Apr 4, 2023
Major League Baseball is testing a new iteration of an “enhanced-grip” baseball in the Double-A Southern League this season, which starts Friday.
A similar test was called off early last year after it became clear that the ball being tested was not going to be the solution to lingering concerns about how well major-league pitchers can grip a baseball without resorting to performance-enhancing so-called “sticky stuff.” Changes were made based on player feedback, resulting in the ball that will be tested this year — though implementation at the major-league level would be a long way off and, indeed, might never come to pass if the league ultimately decides that the long-standing process of “muddying” the baseball is better than any synthetic alternative.
Rawlings, which MLB purchased in 2018, makes all the MLB baseballs. But the balls emerge from that process too slick and too shiny for game use. For decades, that has been addressed with the charmingly low-fi approach of having clubhouse attendants hand-rub special mud onto each baseball.

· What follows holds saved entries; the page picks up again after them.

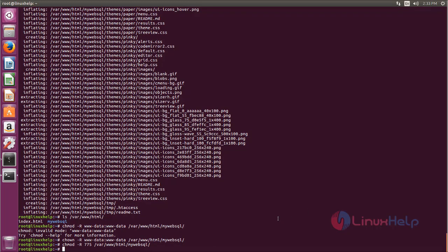Next we need to install one more package for MyWebSQL. So run the following command. Now type this command to install this PHP extension. Now hit enter.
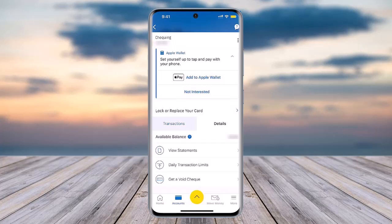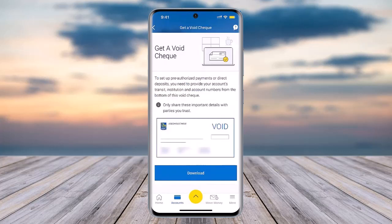Right there in the bottom section, simply go ahead and tap on it. Afterwards your interface is going to look like this — you can see 'Get a Void Check' on top, and a check preview will be here in the bottom section. Now tap on this download button and you will be able to download a void check from your RBC Mobile Banking.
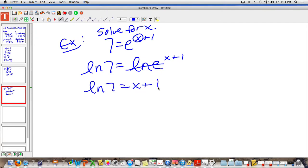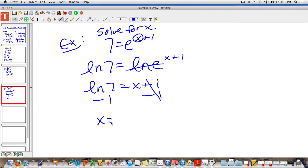So ln of 7 equals x plus 1. There's a natural log button on your calculator. If you type in ln of 7, you get a decimal number, and then you subtract 1 from it — because ln of 7 gives you x plus 1, but you want just x. So you need to subtract 1. The answer is x is equal to approximately 0.95.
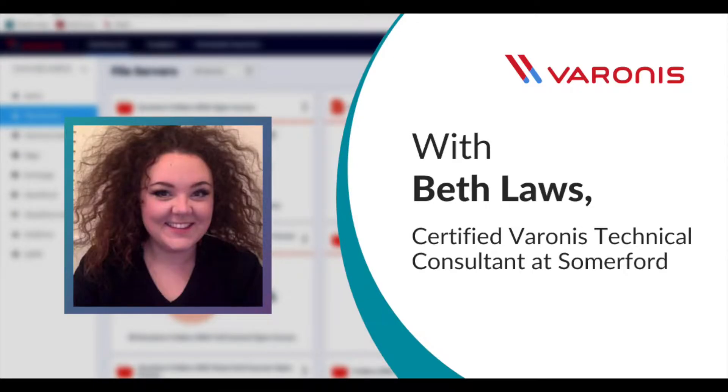Hi, I'm Beth Laws, a Varonis technical consultant here at Somerford Associates.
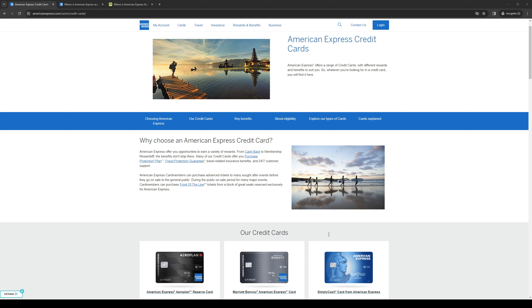How's it going everyone and welcome back to the channel. So in today's video we'll be talking about how you can apply for an American Express credit card in Canada. So without further ado let's dive right in.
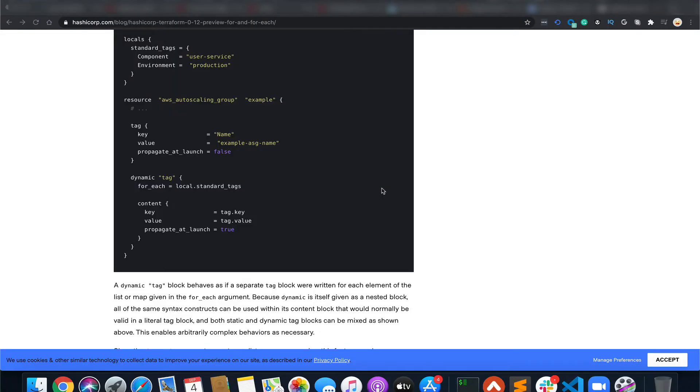Hello everyone, welcome back to the channel. In this video we are going to discuss Terraform loops and conditionals - how you can do conditions in Terraform and how you can loop over resources. Looping actually helps in creating multiple resources with a given template.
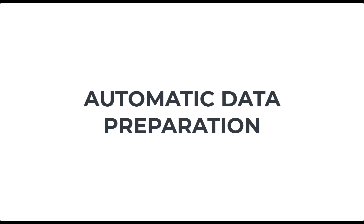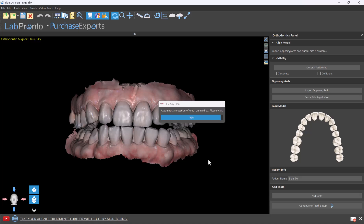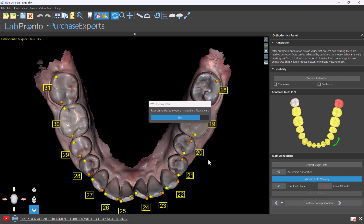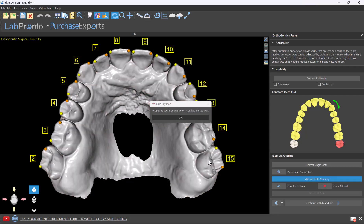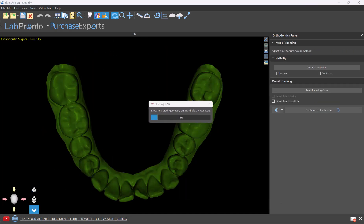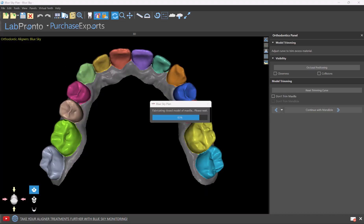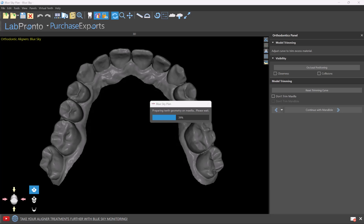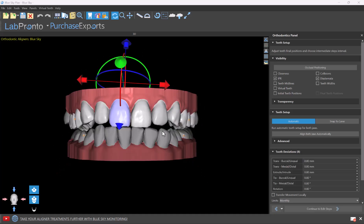First is automatic data preparation. I've selected the relevant optical scans to import. I know there are those that do automatic segmentation or automatic alignment, but we are running automatically through all the data preparation steps. We're aligning the models in space automatically, annotating automatically, segmenting automatically, and cleaning up the models automatically. We're going through all of the data preparation steps straight from import to the point where you could treatment plan. Completely automatically.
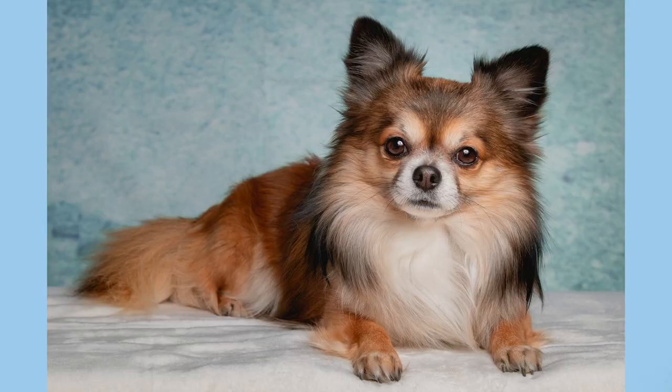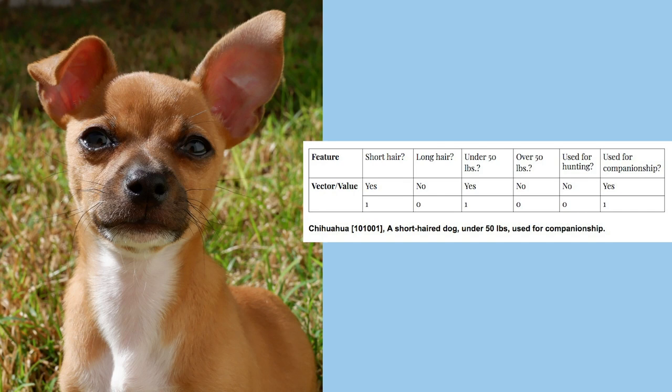For example, dog breeds. We might have short or long hair. We might have weight under 50 pounds. We might have whether or not it's used for hunting or sporting. These representations are vectors that are often in fancy places like arrays or multidimensional spaces, but you can think of them on a spreadsheet. Could I ask a question and say yes or no?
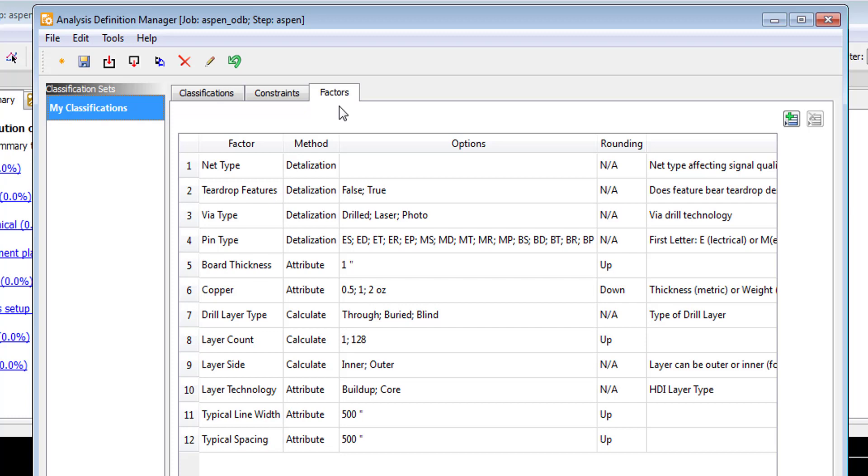These are what we call factors. From within the ADM, we can create and manage different classification sets based on technologies or suppliers, which allows you to further tune your DFM constraints to best meet your needs. From the factors tab, we utilize factors and attributes of a design to classify it appropriately to drive the desired constraints.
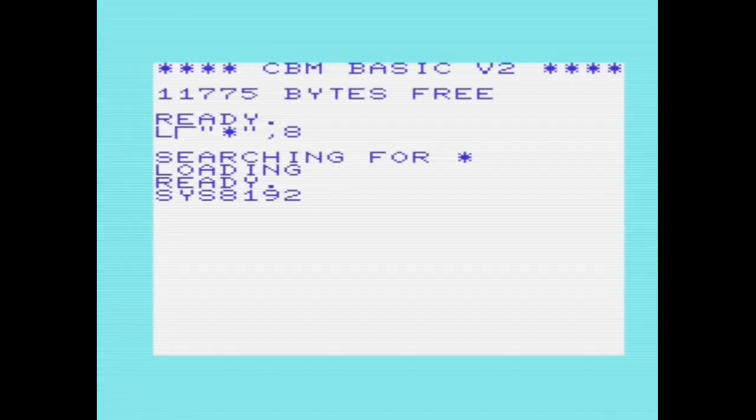With a little lateral thinking, and by putting the television on its side, we can create a 64-column sideways text mode on the VIC-20. This video will show how it's done.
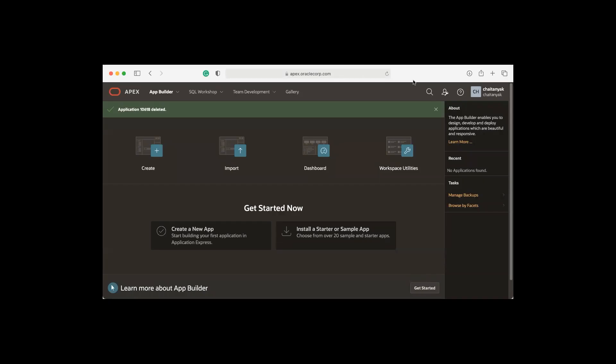In this video, we look at the Apex 21.2 new feature, translating Apex into additional runtime languages. Starting Apex 21.2, Apex allows you to translate all messages used by the runtime engine into 31 additional languages.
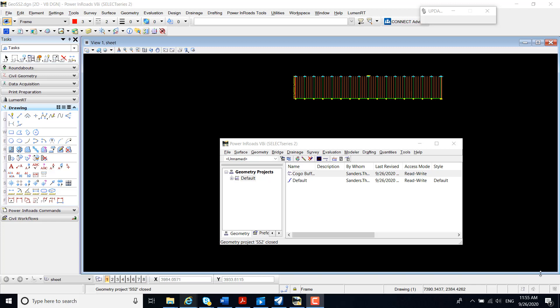In moving from En-ROAD Select Series 2, a user can easily bring in their geometry project from Select Series 2 to Open Road Designer Connect Edition.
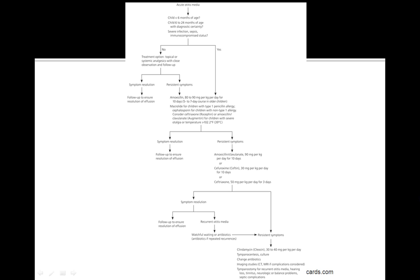Well first you look at the age. Is the child less than 6 months of age? Is the child between 6 to 24 months of age? Or are there severe infections such as sepsis or an immunocompromised status?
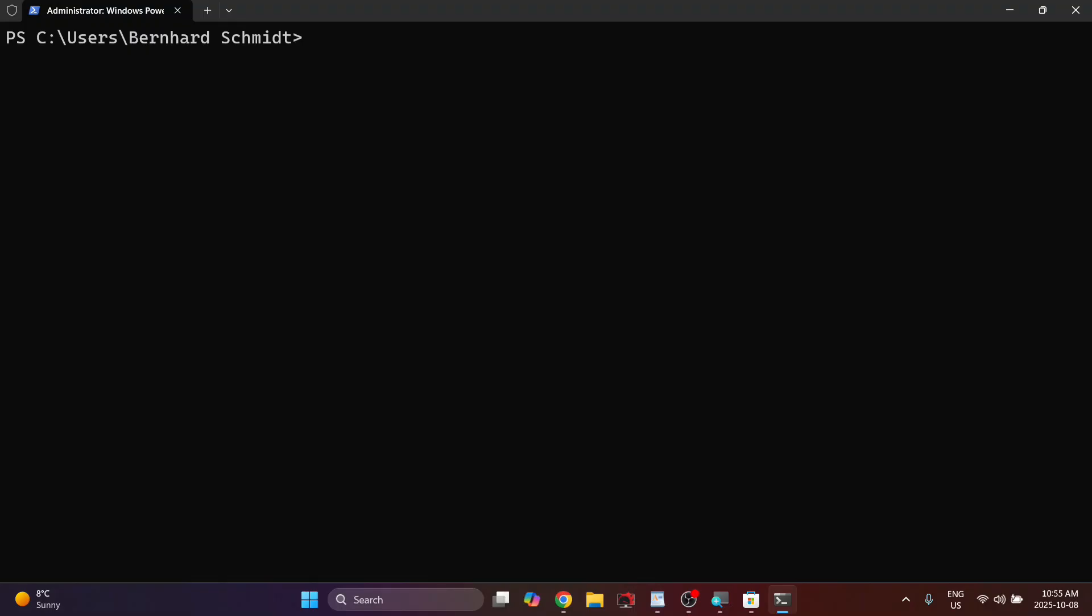I'm going to paste this in the description so you can grab it from there. Make sure it's inside brackets and hit enter.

In recent years, several factors have led MLB to look for a superior — or at least more standardized — solution. In the middle of 2021, as offensive numbers reached new lows, the league cracked down on illegal use of substances beyond the prescribed rosin to get a better grip on baseballs because such substances had led to increased spin on increasingly unhittable pitches. The use of sticky stuff was deemed problematic for the way it gave pitchers an added advantage over hitters, but the grip component — nearly necessary in some conditions — is something the league is open to replicating.